Tout commence par l’envie de dessiner : Lukas Verstraete
Pour les jeunes bédéistes flamands, le savoir-faire et les albums tous publics ne suffisent plus; ce qui compte, c’est l’art. Leur formation les y incite, tout comme le succès (artistique) de certains de leurs prédécesseurs, tels que Judith Vanistendael, Brecht Evens et Olivier Schrauwen. Il existe un marché pour la BD d’art, et un système de subventions vise à l’encourager. Nous commençons cette série avec Een boek waarmee men vrienden maakt (Un livre avec lequel on se fait des amis), le premier livre de Lukas Verstraete.
Lukas Verstraete (° 1992) ne veut pas se laisser enfermer dans des exigences de forme ou de contenu. Avec le format XL et le papier doux et épais de Een boek waarmee men vrienden maakt, il tente de reproduire ses crayonnés originaux le plus fidèlement possible. Ce qu’il aime dessiner plus que tout? Les collisions, les bagarres, les explosions, les corps enchevêtrés et les scènes de masse chaotiques …
© Bries / L. Verstraete.
À propos de ce premier album, Verstraete confiait au magazine Focus Knack: «J’avais établi une liste des sujets que je voulais dessiner. Ensuite, j’ai imaginé une histoire qui me permettrait de relier toutes ces scènes. Cela m’a pris un an. Le processus d’écriture était intense, mais agréable. Je n’ai donc rien contre le narratif, mais tout commence pour moi par l’envie de dessiner.»
L’histoire comprend une foule de situations et de revirements. En résumé, il s’agit du récit d’un inconnu dont la tête est séparée du corps. Cette tête, qui porte en elle l’identité de l’inconnu, passe chaque fois d’un corps ou d’un objet à un autre au gré des collisions et des bagarres. Le corps sans identité subit de nombreux tourments mais fait preuve d’un instinct de survie acharné. Pour finir, les intrigues se rejoignent par le biais d’une intervention explicite de l’auteur lui-même. Mais la tête se rebiffe: elle a subi trop de changements intéressants pour se contenter de ce corps. Le corps tente le forcing mais l’inconnu recomposé est aussitôt harcelé comme au début du récit. L’histoire se termine ainsi en boucle, et c’est logique pour un livre qui ne veut pas d’un dénouement cathartique.
© Bries / L. Verstraete.
L’histoire que Verstraete a tissée autour de sa fascination pour les transformations corporelles n’est pas très originale – ces complications postmodernes sont bien connues – mais elle tient la route grâce à la richesse graphique. Même si l’on peut tout aussi bien estimer que l’excès de dessins complique la bonne compréhension de la trame.

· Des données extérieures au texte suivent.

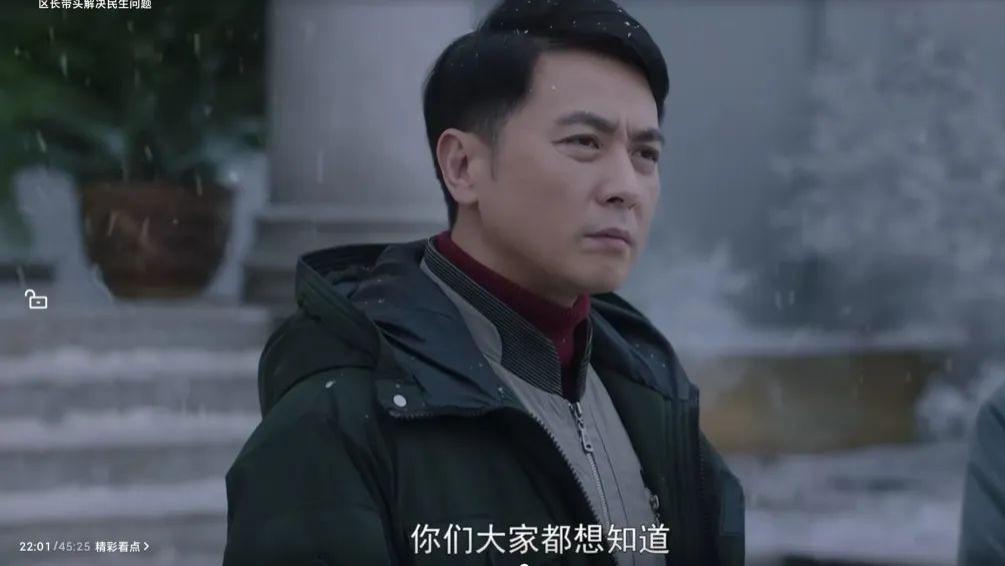 才播2集，收视直逼全国第一！央8这部剧，成2024又一黑马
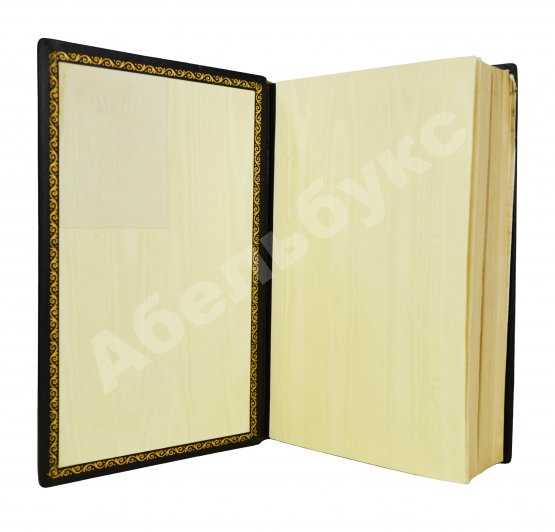 Антикварная книга Лакиер, А.Б. Русская геральдика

Le dessinateur manie une esthétique de la laideur (corps crispés et faciès torturés) qui rappelle l’expressionnisme allemand. Sur le plan stylistique, l’utilisation des couleurs et la composition complexe trahissent l’influence de ses maîtres Brecht Evens et Brecht Vandenbroucke. Étonnamment, Verstraete souligne aussi l’influence de Marc Sleen (1922-2016) et de l’approche anarchique que l’auteur de Néron a de la BD.